• WHAT YOU HAVE TO DO: Leaving out the pictures, please reproduce exactly and only the lines from the one that contains "Antique North West" through the last line below.

• SUPPLIED MATERIAL:
────

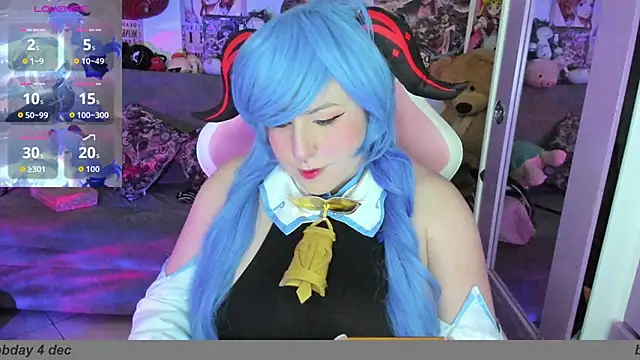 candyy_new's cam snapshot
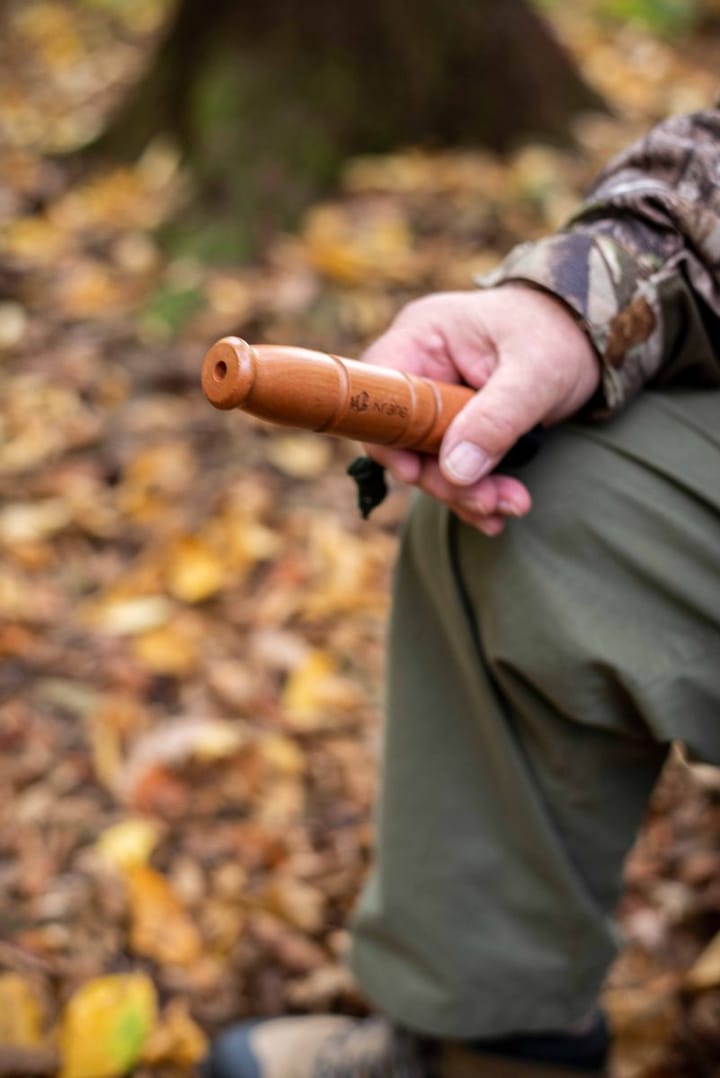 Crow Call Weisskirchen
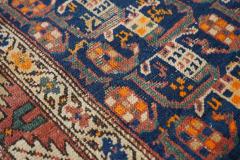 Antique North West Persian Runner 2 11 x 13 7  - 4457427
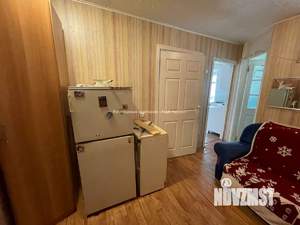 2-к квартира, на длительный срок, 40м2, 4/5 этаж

────

• RESULT:
 Antique North West Persian Runner 2 11 x 13 7  - 4457427
 2-к квартира, на длительный срок, 40м2, 4/5 этаж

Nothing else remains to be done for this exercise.